Data excerpts section start

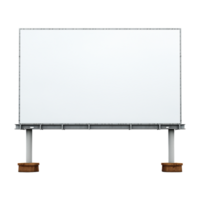 AI generated Billboard isolated on transparent background png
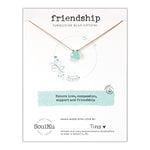 SoulKu Soul Shine Handmade Necklace, Empowering Jewelry With Healing Crystal, Inspirational Jewelry For Women, Mom & Sister, 2"" Extender With Lobster Clasp, 16"" Nylon Cord (Turquiose, Friendship) Turquoise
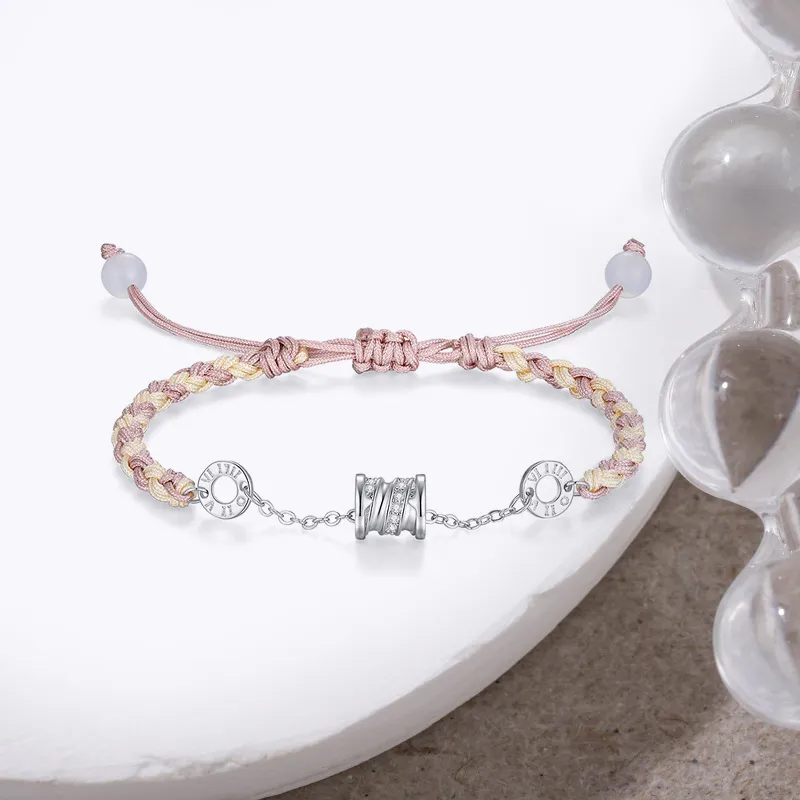 TUTAE Alloy Bracelets Women's Pink-3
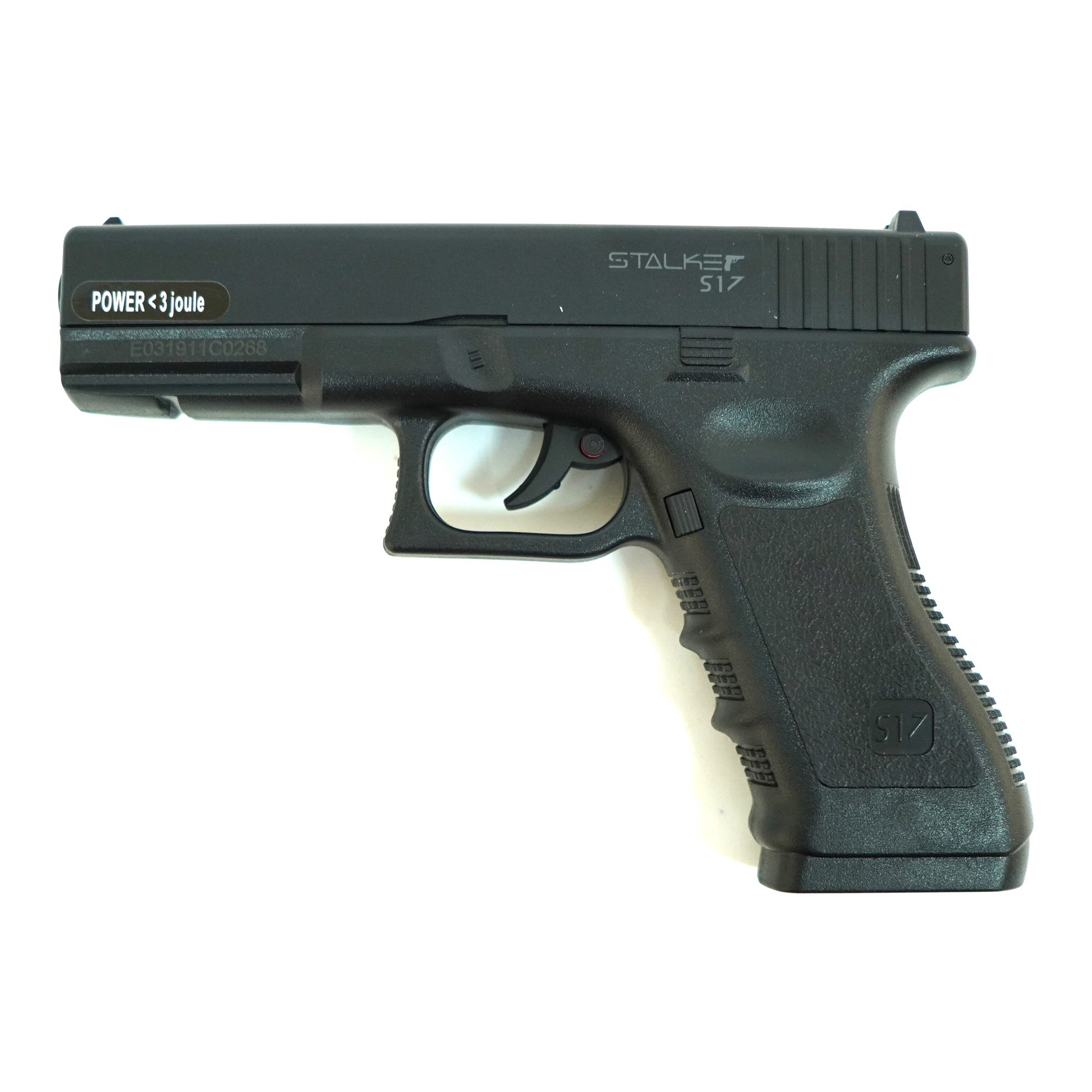 Пневматический пистолет Stalker S17 (аналог Glock17) металл, пластик, черный 4,5 мм
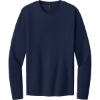 Custom Port & Co Easy Cotton Long Sleeve Tee True Navy Blue
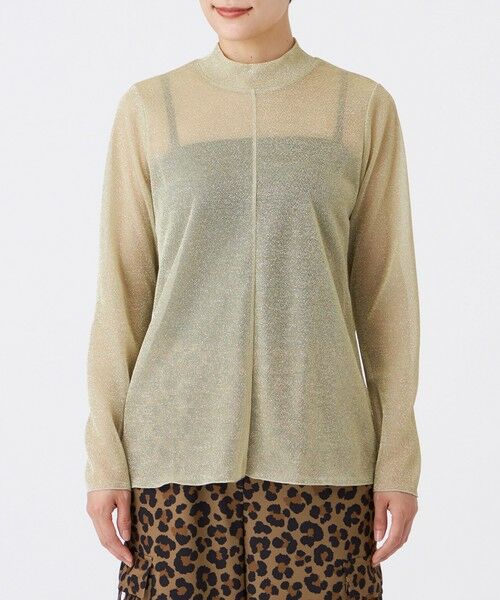 EVEX by KRIZIA  (大きいサイズ) / エヴェックス バイ クリツィア (オオキイサイズ) その他トップス | 【L】【マシンウォッシャブル】グリッタージャージーハイネックカットソー | 詳細2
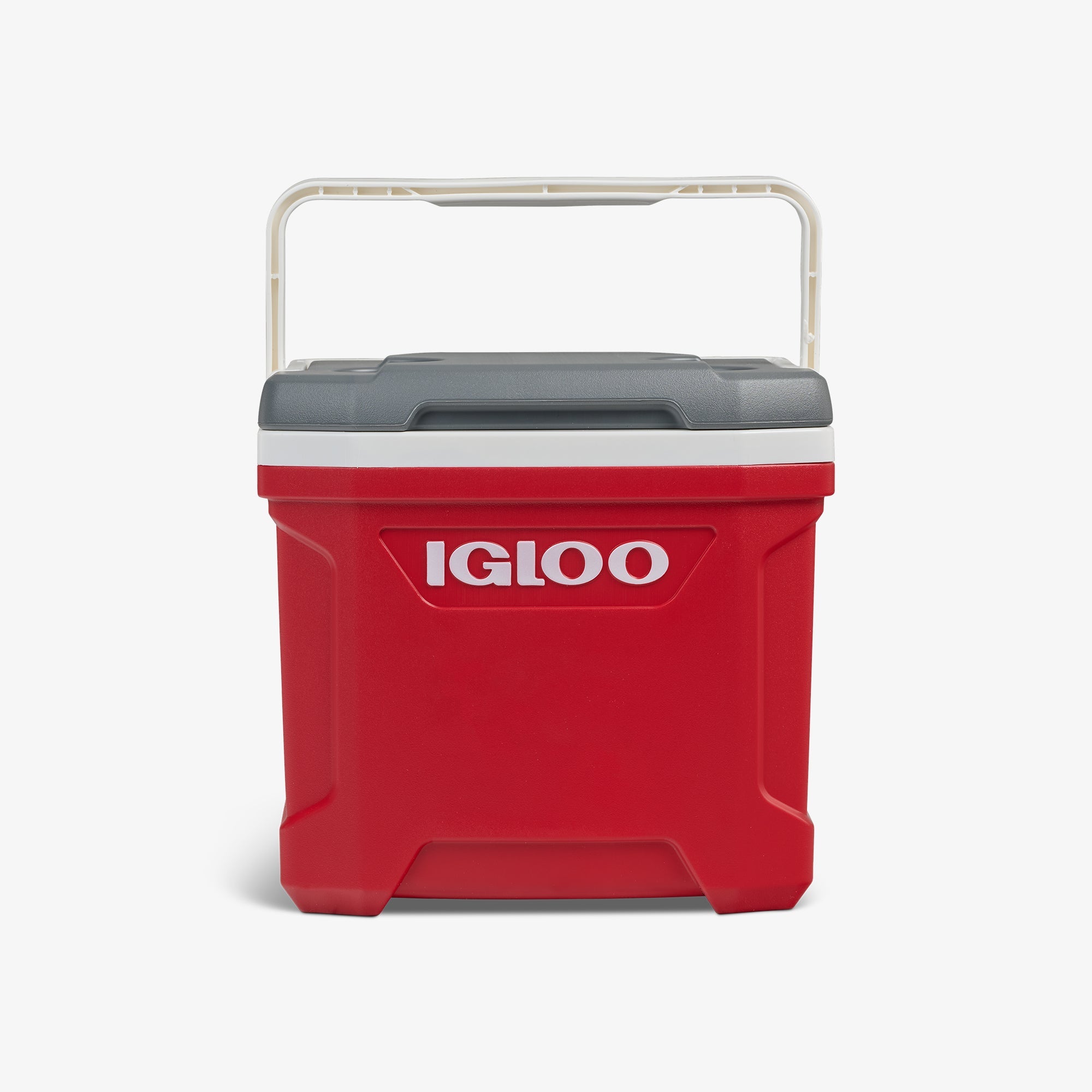 Latitude 16 Qt Cooler M4 - Red - Strap View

Data excerpts section end

The lines from the one containing "Пневматический пистолет Stalker" through the last line of the data above are to be transcribed exactly, both included, with all pictures left out.

• **Answer to this problem**
 Пневматический пистолет Stalker S17 (аналог Glock17) металл, пластик, черный 4,5 мм
 Custom Port & Co Easy Cotton Long Sleeve Tee True Navy Blue
 EVEX by KRIZIA  (大きいサイズ) / エヴェックス バイ クリツィア (オオキイサイズ) その他トップス | 【L】【マシンウォッシャブル】グリッタージャージーハイネックカットソー | 詳細2
 Latitude 16 Qt Cooler M4 - Red - Strap View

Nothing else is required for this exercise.